Let’s test from my MacBook Pro via Thunderbolt adapter too:
~/Desktop
🌸 ❯ ifconfig en11
en11: flags=8863<UP,BROADCAST,SMART,RUNNING,SIMPLEX,MULTICAST> mtu 1500
options=567<RXCSUM,TXCSUM,VLAN_MTU,TSO4,TSO6,AV,CHANNEL_IO>
ether 00:23:a4:0d:0b:48
inet6 fe80::14fb:692c:419e:b733%en11 prefixlen 64 secured scopeid 0x16
inet6 fd99:1648:431b:f94e:8fc:7cb3:f4e4:391e prefixlen 64 autoconf secured
inet 192.168.50.240 netmask 0xffffff00 broadcast 192.168.50.255
nd6 options=201<PERFORMNUD,DAD>
media: 10Gbase-T <full-duplex>
status: active
~/Desktop
🌸 ❯ iperf3 -t 5 -c ms-01.lan
Connecting to host ms-01.lan, port 5201
[ 7] local 192.168.50.240 port 57802 connected to 192.168.50.100 port 5201
[ ID] Interval Transfer Bitrate
[ 7] 0.00-1.00 sec 400 MBytes 3.36 Gbits/sec
[ 7] 1.00-2.00 sec 628 MBytes 5.27 Gbits/sec
[ 7] 2.00-3.00 sec 744 MBytes 6.24 Gbits/sec
[ 7] 3.00-4.00 sec 741 MBytes 6.19 Gbits/sec
[ 7] 4.00-5.00 sec 748 MBytes 6.30 Gbits/sec
- - - - - - - - - - - - - - - - - - - - - - - - -
[ ID] Interval Transfer Bitrate
[ 7] 0.00-5.00 sec 3.19 GBytes 5.47 Gbits/sec sender
[ 7] 0.00-5.00 sec 3.18 GBytes 5.47 Gbits/sec receiver
iperf Done.
~/Desktop
🌸 ❯ ifconfig en11
en11: flags=8863<UP,BROADCAST,SMART,RUNNING,SIMPLEX,MULTICAST> mtu 9000
options=567<RXCSUM,TXCSUM,VLAN_MTU,TSO4,TSO6,AV,CHANNEL_IO>
ether 00:23:a4:0d:0b:48
inet6 fe80::14fb:692c:419e:b733%en11 prefixlen 64 secured scopeid 0x16
inet6 fd99:1648:431b:f94e:8fc:7cb3:f4e4:391e prefixlen 64 autoconf secured
inet 192.168.50.240 netmask 0xffffff00 broadcast 192.168.50.255
nd6 options=201<PERFORMNUD,DAD>
media: 10Gbase-T <full-duplex>
status: active
~/Desktop
🌸 ❯ iperf3 -t 5 -c ms-01.lan
Connecting to host ms-01.lan, port 5201
[ 7] local 192.168.50.240 port 57829 connected to 192.168.50.100 port 5201
[ ID] Interval Transfer Bitrate
[ 7] 0.00-1.00 sec 1.14 GBytes 9.74 Gbits/sec
[ 7] 1.00-2.00 sec 1.14 GBytes 9.82 Gbits/sec
[ 7] 2.00-3.00 sec 1.14 GBytes 9.82 Gbits/sec
[ 7] 3.00-4.00 sec 1.15 GBytes 9.82 Gbits/sec
[ 7] 4.00-5.00 sec 1.14 GBytes 9.82 Gbits/sec
- - - - - - - - - - - - - - - - - - - - - - - - -
[ ID] Interval Transfer Bitrate
[ 7] 0.00-5.00 sec 5.71 GBytes 9.80 Gbits/sec sender
[ 7] 0.00-5.00 sec 5.70 GBytes 9.80 Gbits/sec receiver
iperf Done.
Again, with a 10 GbE link, there is a visible performance gain.

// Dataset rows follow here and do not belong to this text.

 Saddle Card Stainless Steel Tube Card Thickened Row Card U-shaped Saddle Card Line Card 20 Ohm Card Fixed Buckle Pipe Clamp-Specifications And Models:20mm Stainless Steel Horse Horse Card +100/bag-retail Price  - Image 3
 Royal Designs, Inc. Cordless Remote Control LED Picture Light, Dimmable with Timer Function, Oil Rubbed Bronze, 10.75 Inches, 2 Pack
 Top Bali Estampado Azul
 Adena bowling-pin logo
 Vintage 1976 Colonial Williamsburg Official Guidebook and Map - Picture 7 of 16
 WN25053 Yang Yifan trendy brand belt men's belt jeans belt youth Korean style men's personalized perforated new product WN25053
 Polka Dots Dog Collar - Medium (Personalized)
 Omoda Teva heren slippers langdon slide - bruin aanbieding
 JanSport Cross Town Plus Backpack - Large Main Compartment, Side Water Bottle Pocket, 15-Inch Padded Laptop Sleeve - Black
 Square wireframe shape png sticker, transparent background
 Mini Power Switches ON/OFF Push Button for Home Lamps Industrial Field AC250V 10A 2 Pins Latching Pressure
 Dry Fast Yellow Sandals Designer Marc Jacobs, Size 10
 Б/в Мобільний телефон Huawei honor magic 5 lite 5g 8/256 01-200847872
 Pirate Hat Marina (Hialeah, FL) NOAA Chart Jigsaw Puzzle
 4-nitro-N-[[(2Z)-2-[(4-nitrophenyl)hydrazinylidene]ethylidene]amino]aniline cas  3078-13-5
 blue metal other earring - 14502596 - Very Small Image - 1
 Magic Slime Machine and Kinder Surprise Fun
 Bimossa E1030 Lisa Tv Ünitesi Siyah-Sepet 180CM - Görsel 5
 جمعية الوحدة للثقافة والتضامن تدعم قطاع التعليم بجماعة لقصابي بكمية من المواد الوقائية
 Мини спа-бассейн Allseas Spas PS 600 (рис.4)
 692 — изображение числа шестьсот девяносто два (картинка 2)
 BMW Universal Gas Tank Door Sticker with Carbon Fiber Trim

Let me again quote ChatGPT for the explanation:
On 10 GbE, jumbo frames make a clear difference because packet rates get much higher. At 1500 MTU, running at full line rate requires processing ~810k packets per second, which puts a significant load on CPUs, NICs, and interrupts. Switching to 9000 MTU cuts this to ~135k packets per second, drastically reducing overhead. This makes it easier to sustain full 10 GbE speeds and lowers CPU usage.
Conclusion
So, ultimately, it looks like it’s only beneficial to set up jumbo frames on 10 GbE links. I’m gonna roll back my NUC and router to the standard 1500 MTU frame.